A new Unicode & Newbie problem

New to FreeBASIC? Post your questions here.
newbieforever
Posts: 117
Joined: Jun 21, 2018 11:14

A new Unicode & Newbie problem

Postby newbieforever » Jan 17, 2019 10:12

...
I just can't deal with all this Unicode stuff that's so complicated in FB...

I hope the following ad-hoc demo code describes my problem understandably enough (if there are bugs, please ignore them).

Thank you very much in advance for your tips.

Code: Select all

' (Edited!)
' NOTE: This code should be saved as Unicode encoded text file,
' and the name of the compiled code should be Сергeй.exe.

Dim As Wstring * 500   txtin  = "C:\Test\TextIn.txt"
Dim As Wstring * 500   txtout = "C:\Test\TextOut.txt"

#Define unicode     
#Include once "windows.bi"
#Include once "win/shellapi.bi"
#Include once "file.bi"
' ==================================================
Declare Function LoadFile(file as Wstring) As String
Declare Sub      Savefile(file As Wstring, o_p As String)
' ==================================================

' NOTE: The name (w/o extension) of the executable should be extracted from the command line launching the executable.

Dim As Wstring * 10000 cmdl = *GetCommandLineW()
Dim As Long            narg
Dim As Wstring Ptr Ptr argl = Cast(Wstring ptr ptr, CommandLineToArgvW(cmdl, @narg))
Dim As Wstring * 500   appp = *argl[0]
Dim As Wstring * 500   appn = Mid(appp, InStrRev(appp, "\") + 1)
Dim As Wstring * 500   namx = Left(appn, len(appn) - 4)

' NOTE: namx is "Сергeй".
' print namx would result in "Сергeй" on screen!
' (I need this variable in my code for other purposes too, not only for what is following here below.)

' NOTE: TextIn.txt is a Unicode encoded text file containing e.g. this line:
' His name was Sergej Сергeевич.
' Now the content of this file is read:

Dim As String          cont

cont = LoadFile(txtin)

' NOTE: cont ist the Unicode encoded string "His name was Sergej Сергeевич."
' (I need this variable in my code for other purposes too, not only for what is following here below.)
' This string should be changed by replacing a substring, "Sergej", by namx set above, i.e. "Сергeй"

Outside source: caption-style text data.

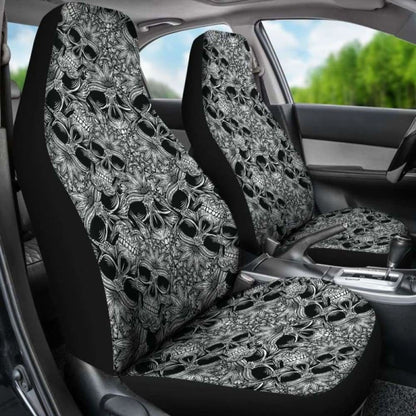 Set Of 2 Floral Sugar Skull Seat Covers - Day Of The Dead 101207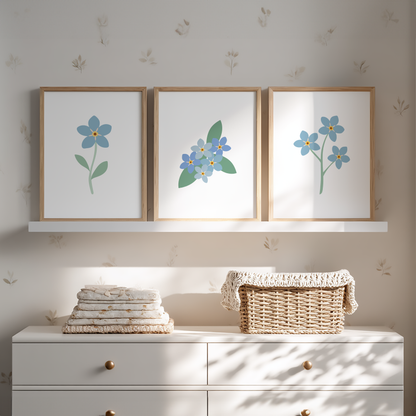 Forget-Me-Not Flower Art Prints (Set of 3)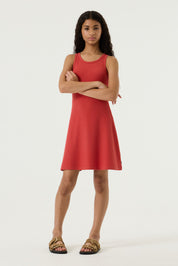 Freizeitkleid Mini aus Rippstrick - 6704-baked apple - Rot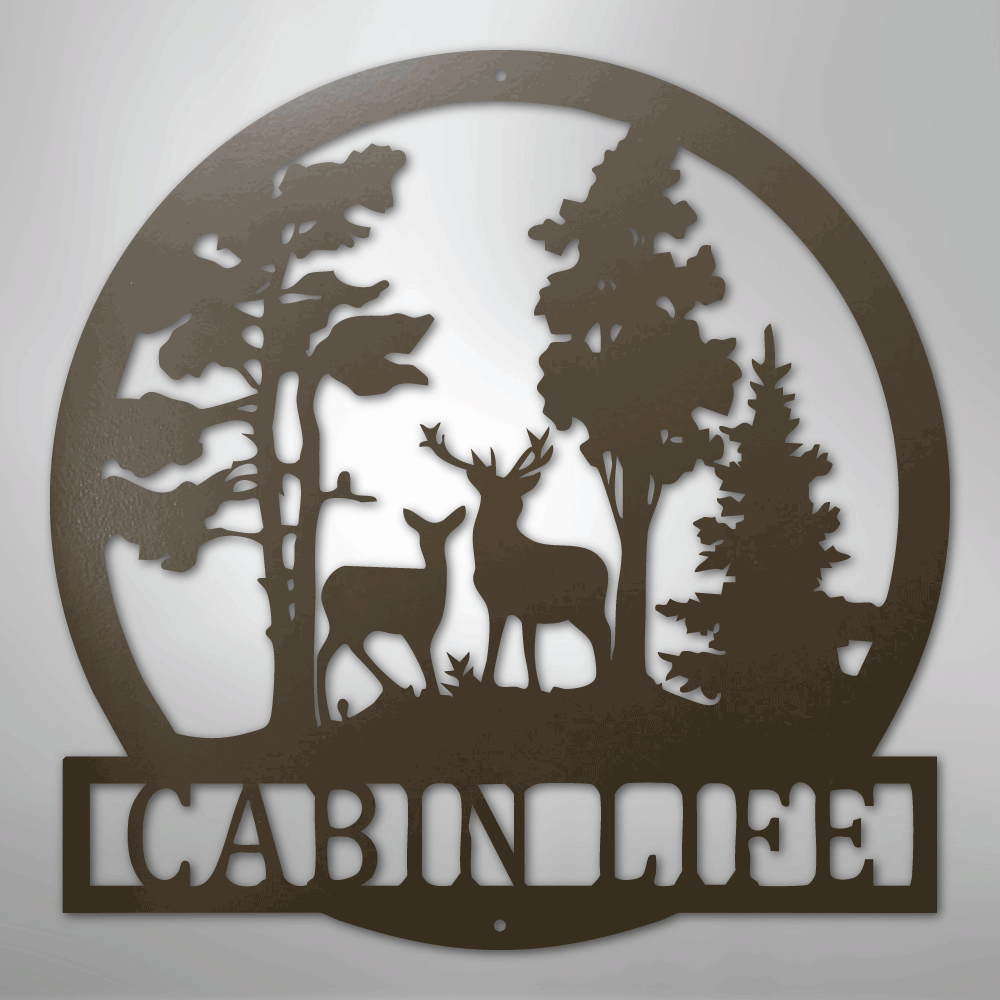 Custom Deer in the Woods - Steel Sign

' ====================================================================================
' MY PROBLEM: How to "adapt" namx to make this replacement in the Unicode string cont?
' ====================================================================================

' After this replacement is done, the changed string will be writen to a Unicode encoded text file:

SaveFile(txtout, cont)

' =================

Function LoadFile(file as Wstring) as String
  Dim As String  i_p
  Dim As Any Ptr f
  Dim As Integer fsize, bytesread
  f = CreateFileW(file, GENERIC_READ, 0, 0, OPEN_EXISTING, 0, 0)
  If f Then
    fsize = GetFileSize(f, 0)
    i_p = String(fsize, Asc("x"))
    ReadFile(f, @i_p[0], fsize, @bytesread, 0)
    CloseHandle(f)
  End If
  Return i_p
End Function

Sub SaveFile(file As Wstring, o_p As String)
  Dim As Any ptr   n, pstr
  Dim As Integer   byteswritten
  n = CreateFileW(file, GENERIC_WRITE, 0, 0, CREATE_ALWAYS, 0, 0)
  If n <> -1 Then
    WriteFile(n, Peek(any ptr, VarPtr(o_p)), Len(o_p), @byteswritten, 0)
    CloseHandle(n)
  End If
End Sub
Last edited by newbieforever on Jan 18, 2019 15:39, edited 2 times in total.
newbieforever
Posts: 117
Joined: Jun 21, 2018 11:14

Re: A new Unicode & Newbie problem

Postby newbieforever » Jan 17, 2019 21:54

.
Either my question is too trivial...or so difficult that even the friendly gurus here, who have helped me so often, can't help me this time!!??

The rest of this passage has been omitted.